793.94/839: Telegram

The Ambassador in Japan (Morris) to the Acting Secretary of State

Your June 11th, 5 p.m. The situation in China is giving the Japanese Government serious concern. The efforts of Foreign Office officials to minimize it when talking to me do not succeed in concealing their nervousness. Hara, I believe, [omission] familiar with developments of the past month and is considering what course he ought to pursue. He feels that the attitude of the British-American groups in China renders it more difficult for him to lead the Japanese governing forces toward a policy of reconciliation with China. On the other hand, the military party apparently inaugurating increasing disorder in China and hopes it may force some form of intervention. Only thus can it hope to regain some of its lost prestige. I observe nothing which indicates any political crisis here. Thus far Hara has the situation well in hand and Tanaka, the War Minister, is working with him. The rice shortage may lead to social unrest and disorder but the Government is grappling with the problem and is reported to be formulating remedial measures.

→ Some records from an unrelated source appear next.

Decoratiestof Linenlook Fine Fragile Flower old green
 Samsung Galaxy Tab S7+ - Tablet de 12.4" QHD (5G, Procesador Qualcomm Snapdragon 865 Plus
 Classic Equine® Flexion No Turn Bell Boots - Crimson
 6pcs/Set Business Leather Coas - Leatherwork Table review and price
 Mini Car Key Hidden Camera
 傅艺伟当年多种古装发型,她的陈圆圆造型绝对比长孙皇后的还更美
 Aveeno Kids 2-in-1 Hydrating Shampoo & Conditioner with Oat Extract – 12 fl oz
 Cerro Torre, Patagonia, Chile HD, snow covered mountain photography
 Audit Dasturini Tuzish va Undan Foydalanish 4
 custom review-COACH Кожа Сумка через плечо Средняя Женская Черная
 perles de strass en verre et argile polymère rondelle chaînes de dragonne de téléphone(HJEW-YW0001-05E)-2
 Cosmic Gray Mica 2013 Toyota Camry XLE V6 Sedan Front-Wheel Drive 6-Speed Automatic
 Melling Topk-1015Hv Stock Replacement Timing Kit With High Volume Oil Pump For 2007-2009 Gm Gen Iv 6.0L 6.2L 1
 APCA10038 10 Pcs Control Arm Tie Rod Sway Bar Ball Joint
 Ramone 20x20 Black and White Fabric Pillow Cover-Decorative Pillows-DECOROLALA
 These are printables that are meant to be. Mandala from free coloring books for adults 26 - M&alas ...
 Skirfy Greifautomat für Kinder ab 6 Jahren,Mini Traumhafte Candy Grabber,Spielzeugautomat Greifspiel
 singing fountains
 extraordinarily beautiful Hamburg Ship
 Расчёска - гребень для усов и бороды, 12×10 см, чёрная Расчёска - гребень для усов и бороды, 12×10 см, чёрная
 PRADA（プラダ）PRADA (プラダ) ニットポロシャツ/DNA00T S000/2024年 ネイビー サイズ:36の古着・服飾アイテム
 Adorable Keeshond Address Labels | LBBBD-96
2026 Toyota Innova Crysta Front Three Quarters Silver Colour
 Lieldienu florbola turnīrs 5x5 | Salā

My French colleague recently showed me the telegram referred to. He did not use the phrase “popular uprising” but stated that the Government here feared that the Chinese boycott, added to the scarcity of rice, would “increase the social unrest which has been fermenting for some time.” In this statement I concur. How serious this unrest will become during the next four months depends, in my judgment, on how far Hara is permitted to go in the application of more liberal policies, foreign and domestic.